12v>24v Any sbc>6.2. 6.5s are junk

I finally saw the ad, not going to post it, but like stated before, not too hard to find.

I would agree with some others, it sounds like this owner is having a hard time realizing that sentimental value is not a true value when selling a vehicle.
There are several things wrong with the ad but some things get me, like features that are not really features at all like the U-bolt inversion, What?

My only hope is that he finds that one person that desperately needs that truck and is willing to drop that amount of coin to get it.
I know everyone sees value in different ways, but this may be stretching it a bit.

Who ever you are, Good Luck!
A u bolt flip is a good modification. How they should have been from the factory.
 

Rvitko

New member
139
2
0
Location
Austin tx
For my purposes where I may be weekending in the truck, 24v for an electric truck cab heater and running mil surp tools/ cooking equipment, 24v can't be beat for the reserve cap.


I haven't had a non diesel vehicle in over a decade, don't see ever going back.
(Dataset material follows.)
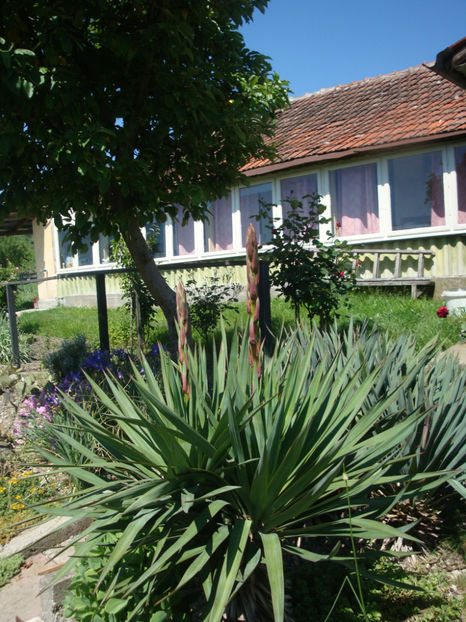 Yucca gloriosa var. recurvifolia (Salisb.) Engelm.1873 (3) - Genul Yucca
I will acknowledge the detroit is far from the best diesel but an old mechanical diesel stays running, once running, you are not at the mercy of batteries, ignition systems, alternators. If you can just get it started, even a trickle is enough to keep the fuel solenoid open, but not enough to keep plugs firing. If I did a 6.5, I would use an early mech pump without the computer and a hmmv block. As a general rule diesels will last longer, they are built to withstand much higher internal pressures, a rule of thumb is a gasser is a 150,000 mile engine before overhaul, a diesel is a 250,000 mile engine. Not to mention being able to use, veg oil, ATF, home heating oil, kerosene, etc in a pinch and the safety of diesel over gasoline.


I can see why someone would do it different, if they wanted speed and didn't stray far from civilization, but that is why the truck in question has no value to me, but I don't think the price is ridiculous for one that would meet my needs. I will be paying close to that anyway, just in installments. A case in point, a neighbor is restoring a civilian blazer from the same time period, younger guy, he only understands fuel injection, that is what he did, if I had a gasser, I would want a carb, I can rebuild a carb and I loathe electronics. For him, fuel injection is what he knows and he has never done a carburetor.